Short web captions
========================================

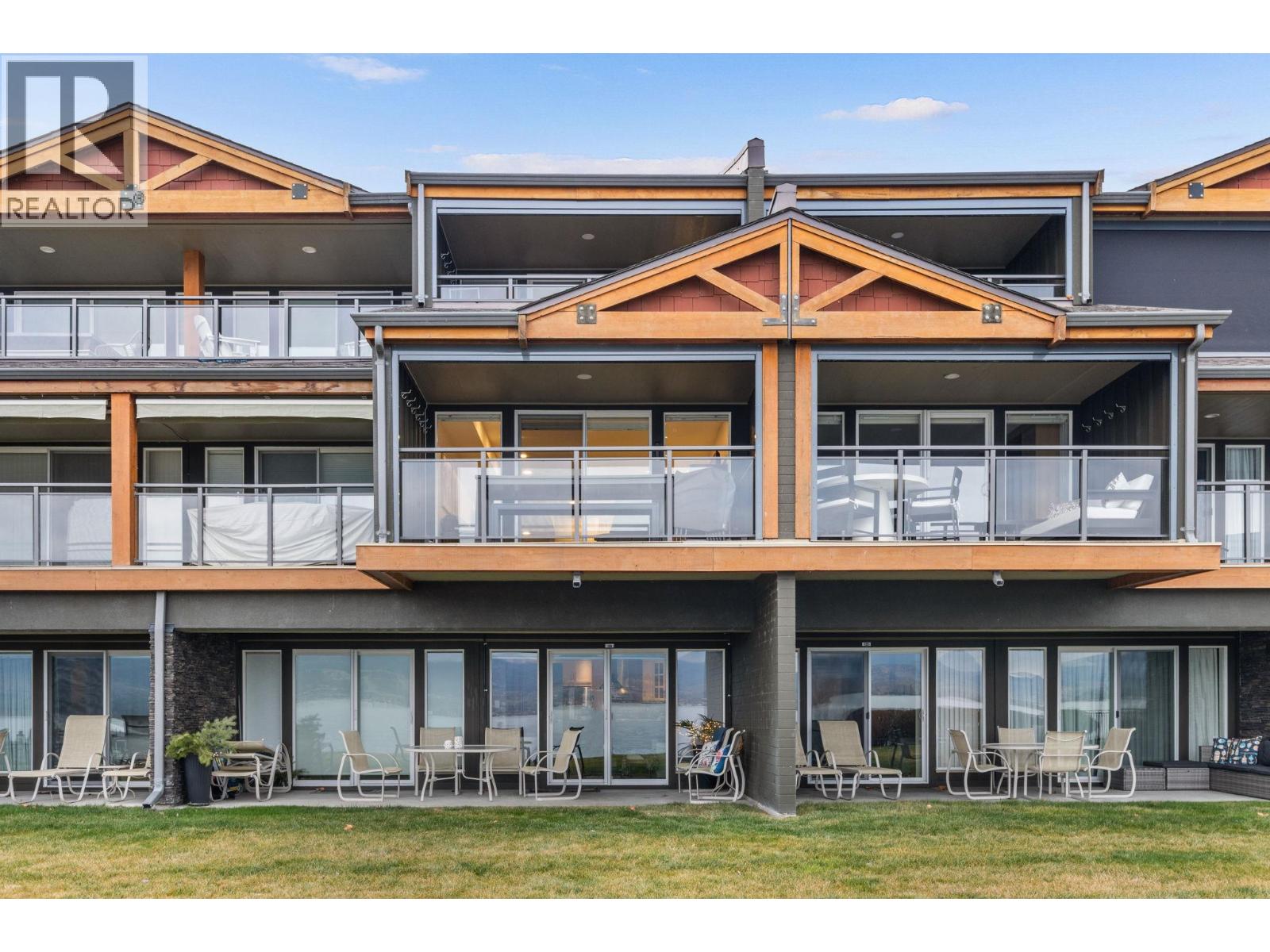 2777 Casa Loma Road Unit# 207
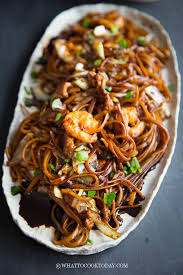 Kl Fried Black Hokkien Mee Easy And Healthier Version Thick Round Egg Noodles Are Cooked In A Flavor Asian Noodle Dishes Homemade Chinese Food Asian Recipes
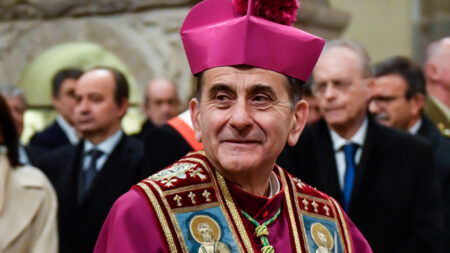 Somma: Via Crucis, in cammino con l’Arcivescovo Delpini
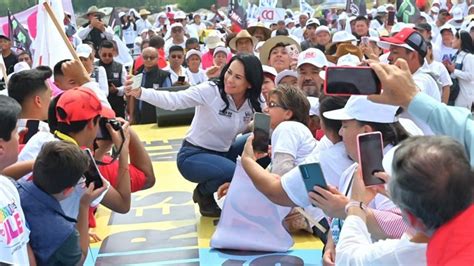 Alejandra Del Moral Implementar Licencia Y Tarjet N Gratuitos Para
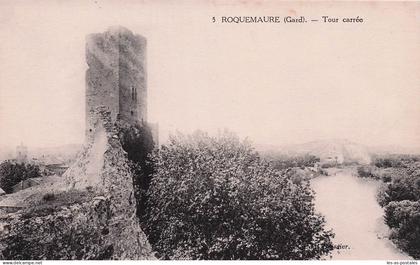 30 ROQUEMAURE TOUR CARREE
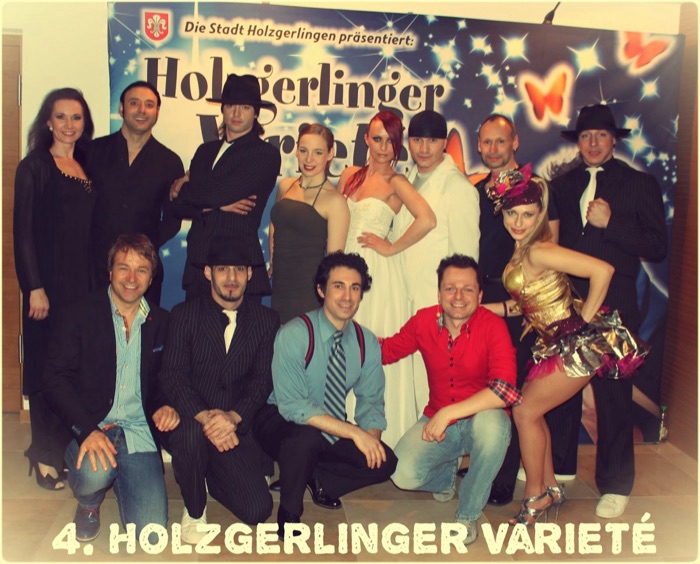 Marina Skulditskaya als Überraschungskünstlerin mit dem Showact "Butterfly" beim 4. Holzgerlinger Varieté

========================================

AIM OF THE EXERCISE: The records above are to be copied exactly, without their pictures.

RESPONSE BELOW:
 2777 Casa Loma Road Unit# 207
 Kl Fried Black Hokkien Mee Easy And Healthier Version Thick Round Egg Noodles Are Cooked In A Flavor Asian Noodle Dishes Homemade Chinese Food Asian Recipes
 Somma: Via Crucis, in cammino con l’Arcivescovo Delpini
 Alejandra Del Moral Implementar Licencia Y Tarjet N Gratuitos Para
 30 ROQUEMAURE TOUR CARREE
 Marina Skulditskaya als Überraschungskünstlerin mit dem Showact "Butterfly" beim 4. Holzgerlinger Varieté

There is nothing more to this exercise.